China (VR), Bildende Kunst, 2020

Hao
Jingban

Foto: Jasper Kettner

Für Ihre bewegten Bilder und Performances bedient sich Hao Jingban einer brüchigen und verzerrenden Sprache, die für die Modernisierung Chinas bestimmend ist. Genauer gesagt beschäftigt sie sich mit den Klüften und der Vielschichtigkeit dieses politischen Projekts, das in den 1930er-Jahren begann. Im Lauf der letzten sieben Jahre ist die Werkserie Beijing Ballroom entstanden, aktuell arbeitet Hao an North East China Project.

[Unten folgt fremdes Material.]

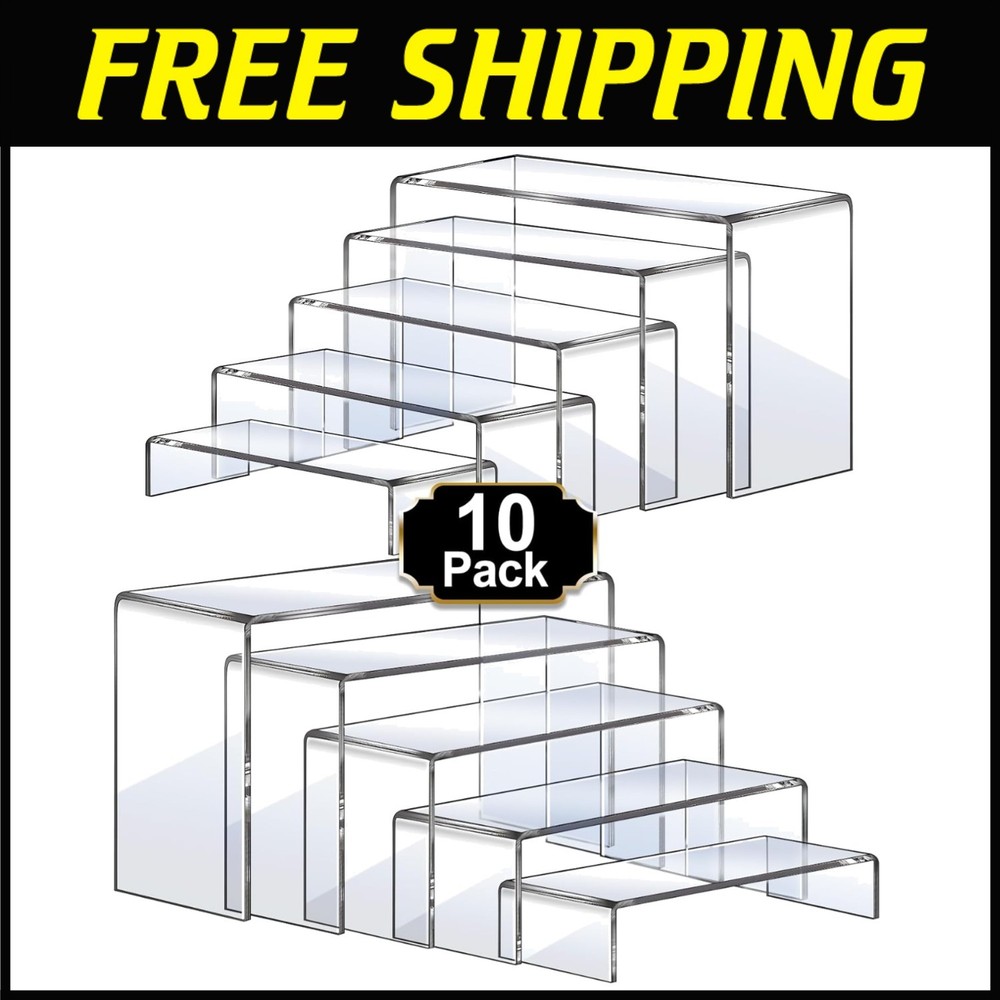 Clear Acrylic Display Risers, 10-Piece Set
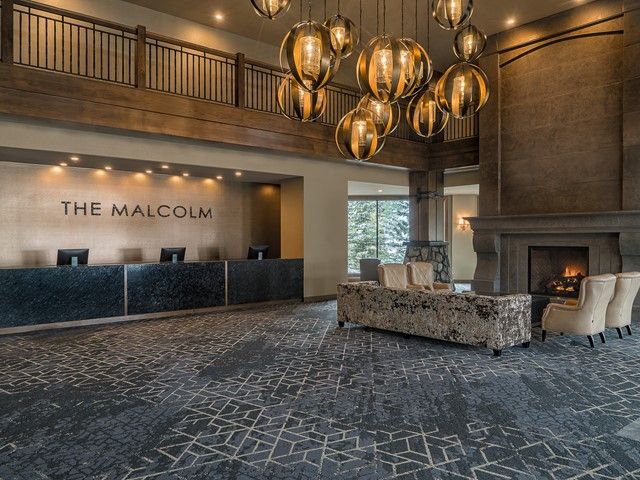 The lobby of the Malcom Hotel in Canmore.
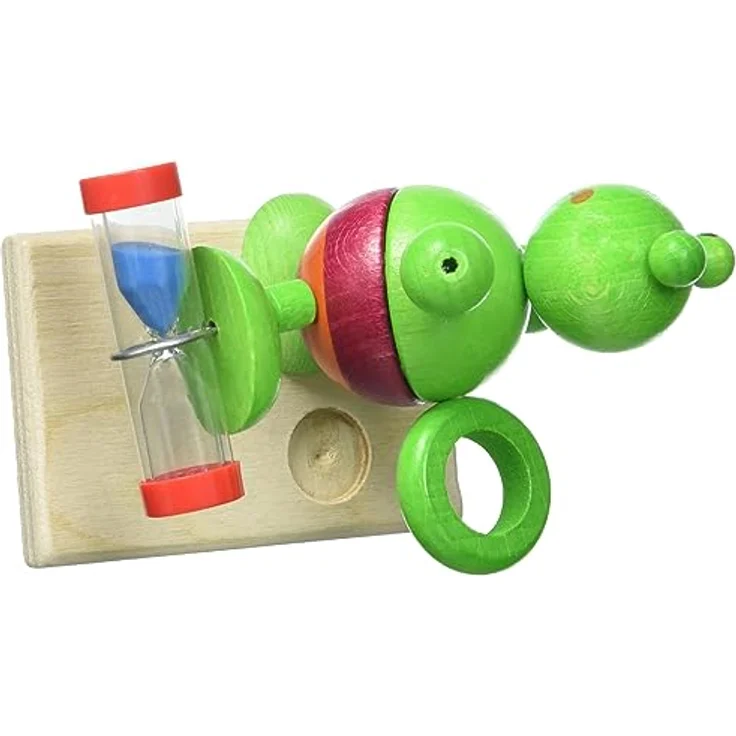 Hess Holzspielzeug 14520 - Zahnputzuhr aus Holz für Kinder, Serie Frosch, inkl. Zahnbürstenhalter und drehbarer Sanduhr, handgefertigt, zur täglichen Nutzung beim Zähneputzen – Bild 4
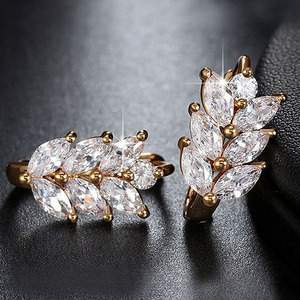 Orecchini a Cerchio Classici in Rame con Foglie e Spighe di Grano, Cristalli Pavé, per Donna, Eleganti, Ispirati alla Natura, Accessori per Uso Quotidiano - Product Image 2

Die Künstlerin verbindet Experimentalfilm mit beobachtender Dokumentation und greift auf vielfältige Aufzeichnungen zurück um dichte Narrative zu weben, die eng mit der heutigen Zeit verstrickt sind. Im vorigen Jahrhundert hat China dramatische Veränderungen durchlebt und weitergetrieben, jede neue Bewegung begann – in den Worten der Künstlerin – „mit einem Sturm“ und endete in einem abrupten Schlusspunkt. Die dauerhafte Reizung des Geistes und der Stimmung der Menschen hat eine emotionale Landschaft voll unerfüllter Sehnsüchte hinterlassen. Individuelle Erinnerungen verschmelzen mit der gemeinschaftlich geformten Geschichte. Als Teil der unterschiedlichen Bestrebungen in einem zerfurchten und komplexen Land, versuchen Haos Arbeiten, die Erfahrungen und Gefühle der Menschen zu vermitteln. Die aufgewühlten Emotionen werden zum Material für Wissensproduktion und fungieren als Richtschnur für die Zukunft.

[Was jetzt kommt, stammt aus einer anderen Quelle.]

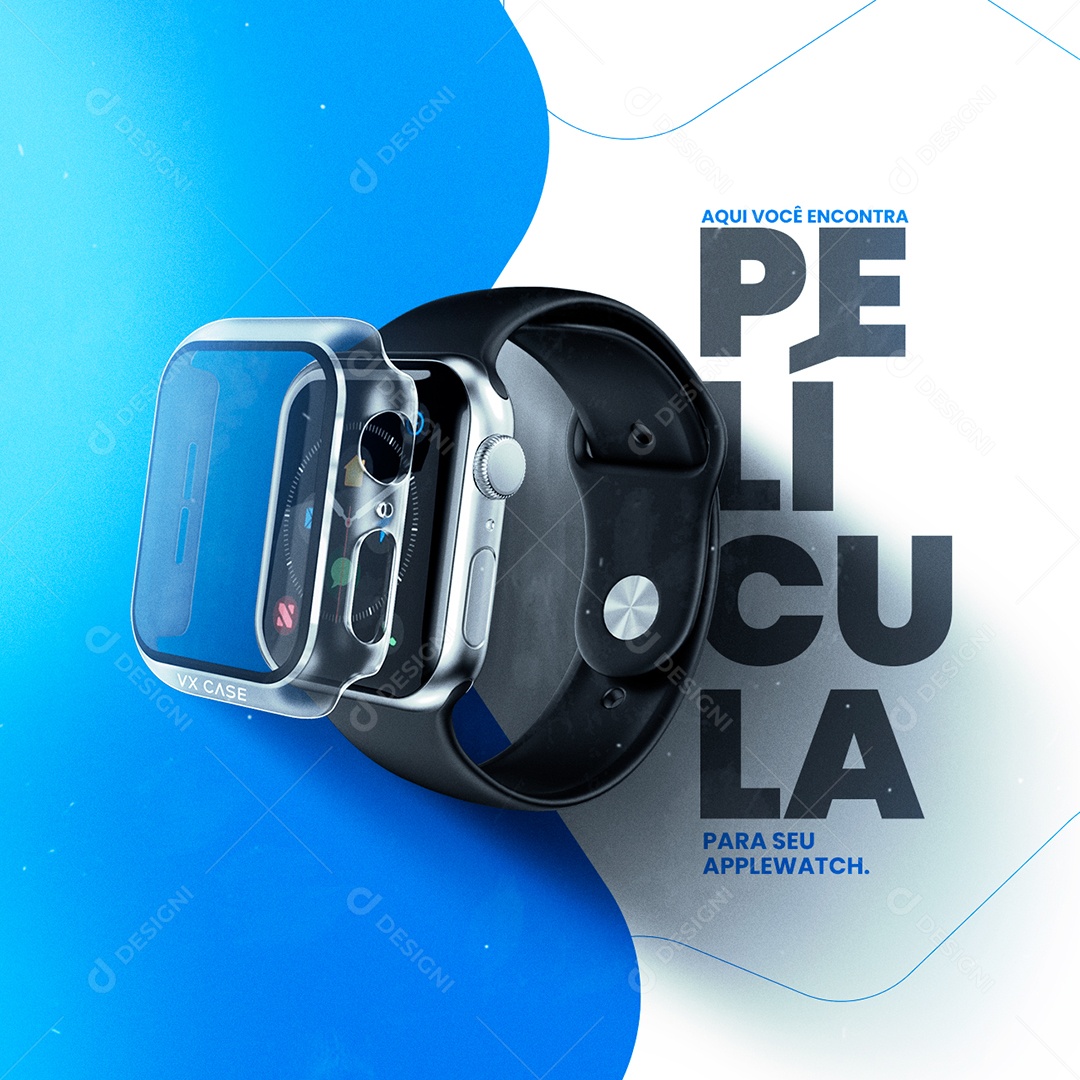 Aqui Você encontra Película para seu Apple Watch Assistência Técnica Social Media PSD Editável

Hao wurde 1985 geboren und schloss einen Master in Filmwissenschaft an den University Colleges of London ab, nach einem Bachelor in Medien und Kommunikation am Goldsmiths College. Vor diesem theoretischen Hintergrund kam sie nach ihrer Rückkehr nach Peking zum Filmemachen. Dort war die Kultur für Gesellschaftstänze aus der Zeit vor der Kulturrevolution nach wie vor präsent, trotz der gewaltsamen Umwälzungen im ganzen Land. Aus dem Auftrag, die Geburtstagsfeierlichkeiten einer bekannten Turniertänzerin zu filmen, schuf Hao zusammen mit ihrem Kameramann die Videoarbeit Off Takes (2016), die sich mit dem festlichen Treiben beschäftigt, außer mit dem Geburtstagskind selbst, das sie beauftragt hatte. Die Arbeit ist einer von fünf Teilen der Serie Beijing Ballroom, die sich einen Weg durch unterschiedliche Aspekte dieser sozialen – nicht sozialistischen – Tanztradition bahnt, die scheinbar zufällig trotz aller Widrigkeiten Bestand hatte. Auch hier steht das Persönliche im Vordergrund um den Haupterzählstrang zu durchbrechen. Das Projekt wurde 2016 in zwei Einzelausstellungen in Peking gezeigt, New Directions: Hao Jingban am UCCA Center for Contemporary Art und Over-Romanticism im Taikang Space. Im gleichen Jahr erhielt Hao den jährlichen Youth Award Grand Jury Prize der Art Sanya, China. 2017 wurde sie als Young Artist of the Year am elften Award of Art China ausgezeichnet, sowie mit dem Preis der Internationalen Filmkritik (FIPRESCI-Preis) bei den 63. Internationalen Kurzfilmtagen Oberhausen.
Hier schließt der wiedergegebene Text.